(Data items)
——————

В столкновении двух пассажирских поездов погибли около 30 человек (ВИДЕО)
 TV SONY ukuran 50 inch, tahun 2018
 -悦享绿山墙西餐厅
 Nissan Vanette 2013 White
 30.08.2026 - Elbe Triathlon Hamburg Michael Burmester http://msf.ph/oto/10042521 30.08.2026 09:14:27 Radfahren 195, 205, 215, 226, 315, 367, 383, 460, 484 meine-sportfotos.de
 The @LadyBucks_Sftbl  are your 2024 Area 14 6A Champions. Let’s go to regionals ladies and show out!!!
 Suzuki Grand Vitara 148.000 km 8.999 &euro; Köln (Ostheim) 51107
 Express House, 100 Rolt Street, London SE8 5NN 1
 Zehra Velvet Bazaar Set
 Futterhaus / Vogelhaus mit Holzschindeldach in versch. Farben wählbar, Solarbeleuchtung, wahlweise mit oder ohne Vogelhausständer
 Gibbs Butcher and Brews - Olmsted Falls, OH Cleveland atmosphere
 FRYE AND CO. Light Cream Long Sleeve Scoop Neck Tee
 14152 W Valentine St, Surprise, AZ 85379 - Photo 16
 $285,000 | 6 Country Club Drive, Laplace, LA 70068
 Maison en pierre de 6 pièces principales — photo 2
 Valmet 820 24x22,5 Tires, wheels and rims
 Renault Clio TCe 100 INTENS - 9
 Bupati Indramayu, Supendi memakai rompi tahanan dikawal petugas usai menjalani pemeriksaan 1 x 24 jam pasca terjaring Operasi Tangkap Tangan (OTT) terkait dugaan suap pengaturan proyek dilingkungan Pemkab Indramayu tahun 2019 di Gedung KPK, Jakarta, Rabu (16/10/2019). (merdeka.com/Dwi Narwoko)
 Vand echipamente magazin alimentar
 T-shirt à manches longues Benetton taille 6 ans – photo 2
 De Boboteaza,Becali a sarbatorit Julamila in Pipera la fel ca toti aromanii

——————

• Exercise objective
Reproduce exactly the stretch of lines that starts at the one containing "Laplace, LA 70068" and ends with the final line of the data, including both ends and nothing more.

• Your solution
 $285,000 | 6 Country Club Drive, Laplace, LA 70068
 Maison en pierre de 6 pièces principales — photo 2
 Valmet 820 24x22,5 Tires, wheels and rims
 Renault Clio TCe 100 INTENS - 9
 Bupati Indramayu, Supendi memakai rompi tahanan dikawal petugas usai menjalani pemeriksaan 1 x 24 jam pasca terjaring Operasi Tangkap Tangan (OTT) terkait dugaan suap pengaturan proyek dilingkungan Pemkab Indramayu tahun 2019 di Gedung KPK, Jakarta, Rabu (16/10/2019). (merdeka.com/Dwi Narwoko)
 Vand echipamente magazin alimentar
 T-shirt à manches longues Benetton taille 6 ans – photo 2
 De Boboteaza,Becali a sarbatorit Julamila in Pipera la fel ca toti aromanii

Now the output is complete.